Que s’il se trouvait des personnes qui prétendissent qu’il n’est permis en aucune sorte de témoigner qu’on n’est pas du sentiment d’Aristote, il serait aisé de leur faire voir que cette délicatesse n’est pas raisonnable.

Car si l’on doit de la déférence à quelques philosophes, ce ne peut être que par deux raisons : ou dans la vue de la vérité qu’ils auraient suivie, ou dans la vue de l’opinion des hommes qui les approuvent.

Dans la vue de la vérité, on leur doit du respect lorsqu’ils ont raison ; mais la vérité ne peut obliger de respecter la fausseté en qui que ce soit.

Pour ce qui regarde le consentement des hommes dans l’approbation d’un philosophe, il est certain qu’il mérite aussi quelque respect, et qu’il y aurait de l’imprudence de le choquer, sans user de grandes précautions ; et la raison en est, qu’en attaquant ce qui est reçu de tout le monde, on se rend suspect de présomption, en croyant avoir plus de lumière que les autres.

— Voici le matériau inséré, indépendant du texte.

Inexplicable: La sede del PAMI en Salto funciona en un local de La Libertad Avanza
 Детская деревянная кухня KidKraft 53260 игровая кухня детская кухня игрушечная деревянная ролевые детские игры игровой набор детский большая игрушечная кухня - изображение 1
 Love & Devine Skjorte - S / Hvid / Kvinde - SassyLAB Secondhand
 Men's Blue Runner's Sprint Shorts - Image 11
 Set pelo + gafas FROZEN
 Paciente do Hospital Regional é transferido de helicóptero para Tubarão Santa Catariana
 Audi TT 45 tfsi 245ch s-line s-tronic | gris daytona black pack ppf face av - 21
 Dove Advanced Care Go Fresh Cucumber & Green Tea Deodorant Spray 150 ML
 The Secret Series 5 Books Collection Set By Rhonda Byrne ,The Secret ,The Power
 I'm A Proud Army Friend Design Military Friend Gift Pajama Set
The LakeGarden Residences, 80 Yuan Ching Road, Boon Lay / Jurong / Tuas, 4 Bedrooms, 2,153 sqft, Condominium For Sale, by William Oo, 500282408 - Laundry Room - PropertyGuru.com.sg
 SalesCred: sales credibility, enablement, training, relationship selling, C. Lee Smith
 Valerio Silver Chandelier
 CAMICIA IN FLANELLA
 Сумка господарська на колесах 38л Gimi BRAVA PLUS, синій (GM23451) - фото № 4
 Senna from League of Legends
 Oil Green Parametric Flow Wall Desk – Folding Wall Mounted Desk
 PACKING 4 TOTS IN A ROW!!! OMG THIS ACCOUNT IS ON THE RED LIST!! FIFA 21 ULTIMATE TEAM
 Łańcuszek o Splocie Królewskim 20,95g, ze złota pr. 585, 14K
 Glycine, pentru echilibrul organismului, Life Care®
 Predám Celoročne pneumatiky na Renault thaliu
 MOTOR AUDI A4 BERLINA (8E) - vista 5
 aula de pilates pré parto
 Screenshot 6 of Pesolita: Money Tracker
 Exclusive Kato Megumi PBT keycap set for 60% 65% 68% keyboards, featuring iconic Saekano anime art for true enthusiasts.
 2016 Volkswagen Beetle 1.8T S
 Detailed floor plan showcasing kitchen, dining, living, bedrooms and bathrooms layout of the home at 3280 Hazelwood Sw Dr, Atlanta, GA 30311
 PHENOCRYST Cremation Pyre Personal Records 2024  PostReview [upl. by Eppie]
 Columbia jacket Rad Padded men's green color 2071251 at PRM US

Mais lorsque le monde est partagé touchant les opinions d’un auteur, et qu’il y a des personnes considérables de côté et d’autre, on n’est plus obligé à cette réserve, et l’on peut librement déclarer ce qu’on approuve ou ce qu’on n’approuve pas dans ces livres sur lesquels les personnes de lettres sont divisées, parce que ce n’est pas tant alors préférer son sentiment à celui de cet auteur et de ceux qui l’approuvent, que se ranger au parti de ceux qui sont contraires en ce point.